Rebelión jueves 8 de febrero del 2018.
“No he dado, oh Adán, ningún lugar determinado…La
naturaleza limitada de los demás está contenida en las leyes escritas por mí.
Pero tú determinarás, tú propia naturaleza sin ninguna barrera, según tú arbitrio
y al parecer de tú arbitrio la entregó”. (Pico della Mirandola).
Hay cuestiones respecto de las cuales resulta muy
difícil mantener la debida actitud escéptica para abordar su estudio. Por dos razones: la complejidad de la
cuestión y la implicación emocional que suscita. Cuando se dan ambas la
tentación de abrazar explicaciones simples que satisfagan nuestros prejuicios,
deseos y/o intereses se torna irresistible, lo que nos convierte en víctimas
propicias del sesgo de confirmación por el que sólo nos fijamos en los casos
que refuerzan nuestras creencias subjetivas y nos blindan cognitivamente frente
a las evidencias en contra. En todo lo relacionado con el sexo es así.

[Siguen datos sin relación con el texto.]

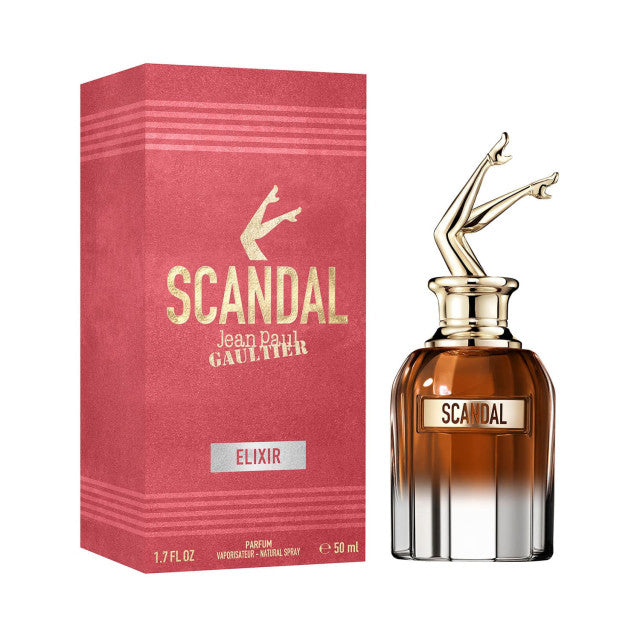 Jean Paul Gaultier - Scandal Elixir | Parfum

La ideología puede echar robustas
raíces en el siempre polémico terreno de la sexualidad, abonado hasta decir
basta de todo tipo de fertilizantes potenciadores del debate estéril por
doctrinario como la afectividad, la moral y la política.

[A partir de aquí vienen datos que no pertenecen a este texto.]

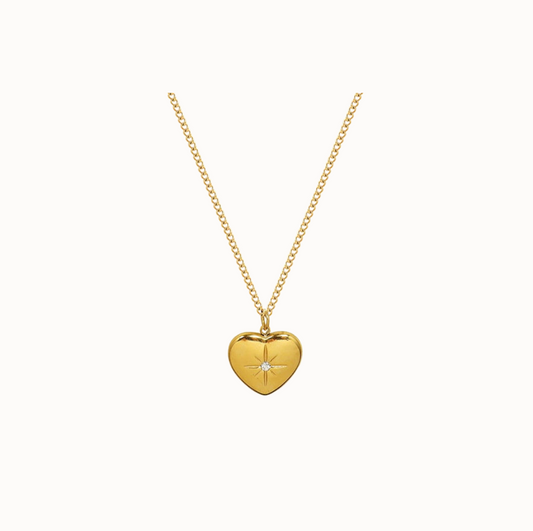 Authentically Me necklace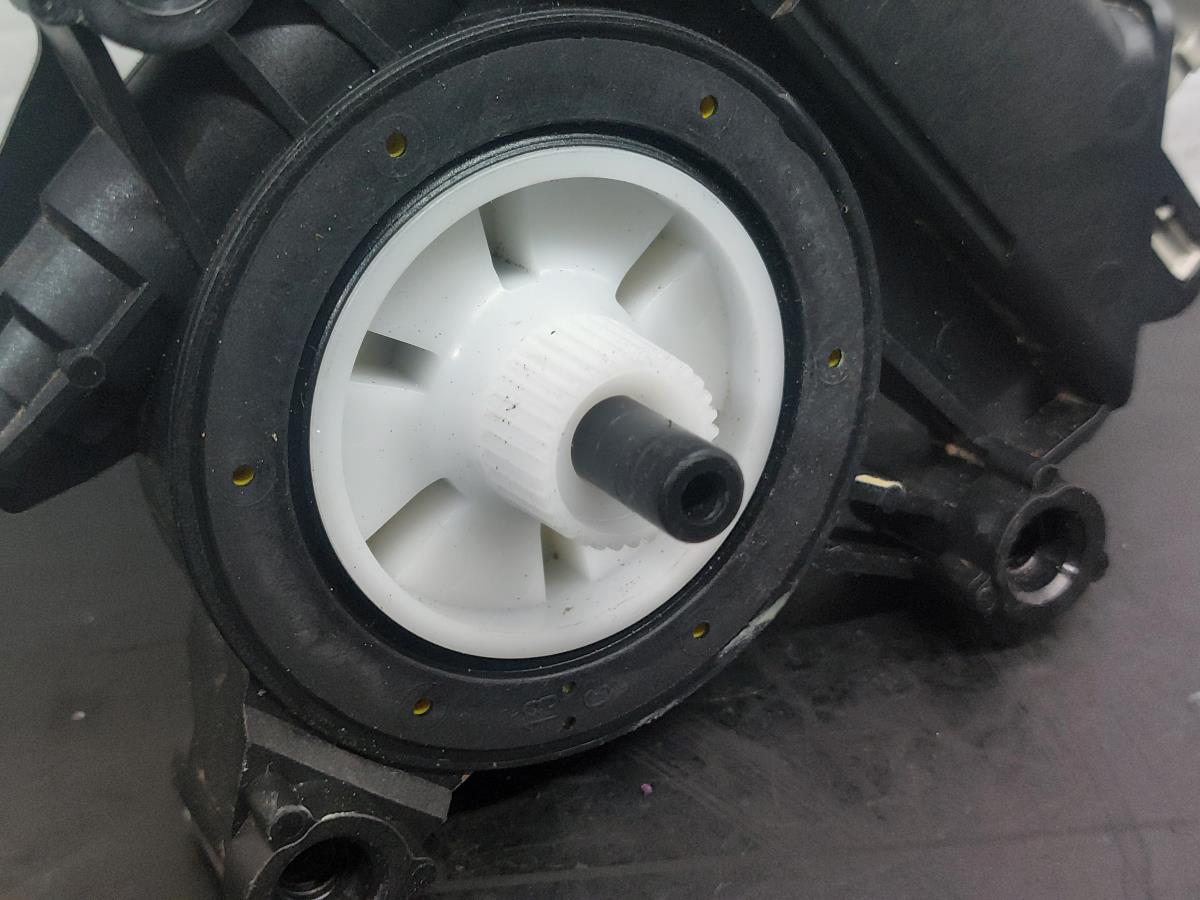 Motor vidro frente esquerdo DACIA Jogger Imagem-2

Cuando uno se dispone a reflexionar sobre temas de
esta estofa, tan fácilmente inflamable, conviene tener muy presentes las
palabras del eximio Sir Bertrand
Russell, que dejó escritas en su ensayo Las funciones de un maestro,
exhortándonos a elevarnos por encima de las controversias «a una región de
desapasionada investigación científica». Y no carecemos de pruebas que
demuestran que todo lo que se trata de aportar al conocimiento de ese fenómeno
en el que todos estamos tan humanamente implicados se ve inevitablemente
enredado en una inextricable madeja de controversias; que se lo digan si no a Sigmund Freud o a Alfred C. Kinsey sin
ir más lejos. Más recientemente padecimos en nuestro país las convulsiones
ideológicas que provocó el dichoso autobús del sexo de la asociación Hazte oír.
Defiendo el derecho de la mencionada asociación a expresar su opinión, así como
el deber de todos los que nos tenemos por partidarios del pensamiento científico y contrarios al adoctrinamiento ideológico
de combatir sus engañifas propagandísticas con argumentos armados de
conocimiento. No soy partidario, desde luego, de combatir la ideología con más
ideología, ni de reemplazar las verdades obtenidas mediante el honesto esfuerzo
de la rigurosa investigación por supuestas verdades doctrinales por muy bien
intencionadas que sean y muy respaldadas que estén por la ética de los grandes
valores del progresismo. Y es que conocimiento y escepticismo van de la mano
como explicaré.
David Hume, el filósofo
empirista escocés, se planteó hace casi tres siglos el problema de determinar
cuáles son las posibles formas de conocimiento humano en la sección cuarta de
la Investigación sobre el
entendimiento humano (1748). Inspirado en la distinción previa de Gottfried Wilhelm Leibniz entre
verdades de razón (las de las matemáticas y la lógica) y verdades de hecho (las
de la física, por ejemplo), el de Edimburgo
sostiene que todos los objetos de la razón y de la investigación humana pueden
ser divididos en dos grupos: relaciones de ideas y cuestiones de hecho.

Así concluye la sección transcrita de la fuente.